Most NUMA-aware code happens to follow that rule because the device tree
associativity information tends to get cached on first access in Linux's
own data structures. It all feels a little fragile to me though,
especially since we can DLPAR add processors and memory after LPM with
"new" associativity properties which don't relate to the logical
topology Linux has already built. However, on currently available hw, as
long as we're using ibm,max-associativity-domains to limit the set of
possible nodes, I believe such resources will always receive valid (but
possibly suboptimal) NUMA assignments.

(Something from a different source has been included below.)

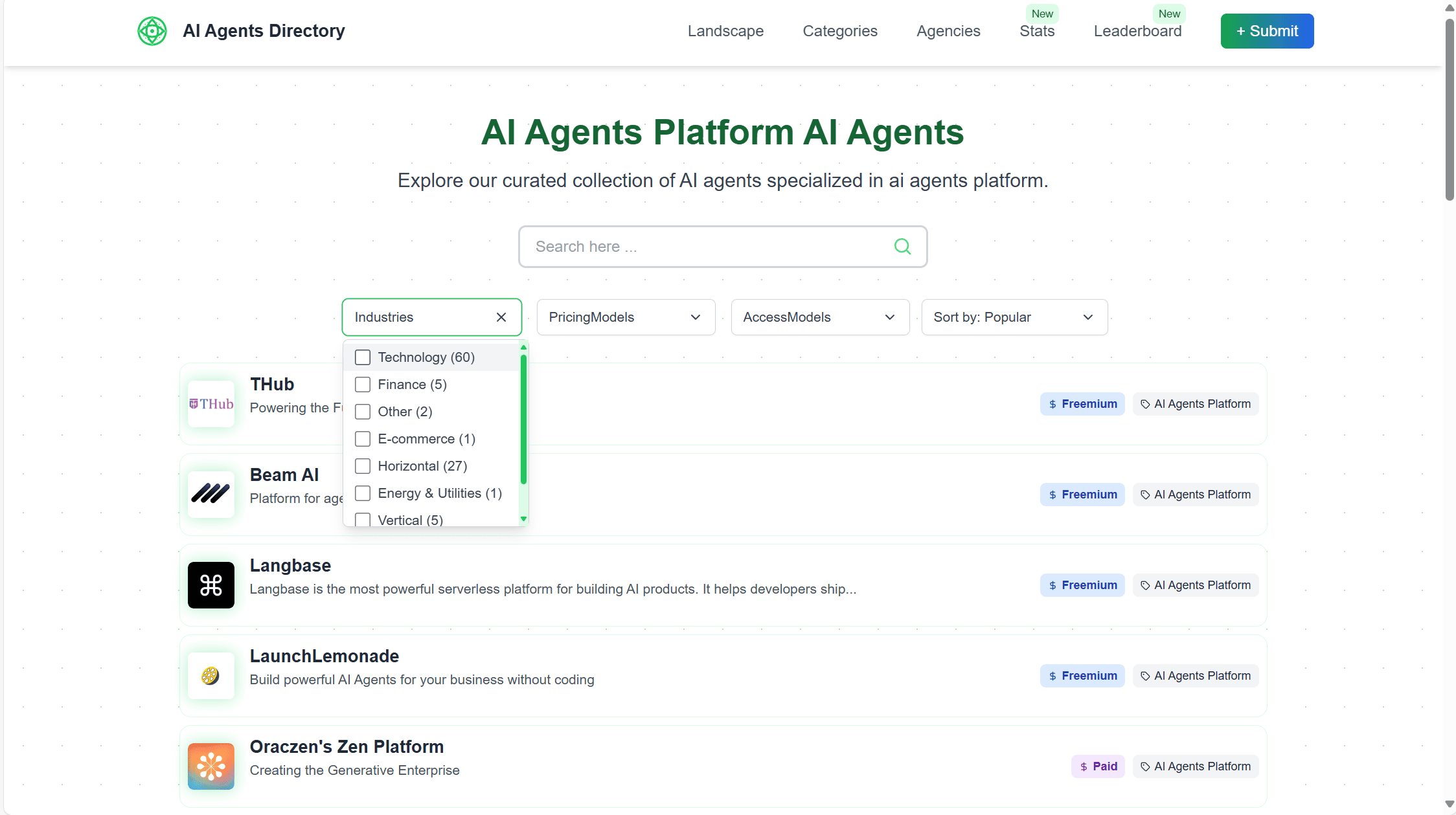 Filtros de pesquisa do AI Agents Directory.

That's because as of this
writing ibm,max-associativity-domains has the same contents on all
currently available PowerVM systems.

Now if we change to using ibm,current-associativity-domains, which we
*can* expect to differ between differently configured systems, post-LPM
DLPAR additions can yield resources with node assignments that
fall outside of the possible range, especially when we've migrated from
a smaller system to a larger one.

Is the current code robust against that possibility? I don't think so:
it looks like of_node_to_nid_single(), of_drconf_to_nid_single() and
possibly more code need to guard against this in order to prevent
NODE_DATA() null dereferences and the like. Probably those functions
should be made to clamp the nid assignment at num_possible_nodes()
instead of MAX_NUMNODES, which strikes me as more correct regardless of
your patch.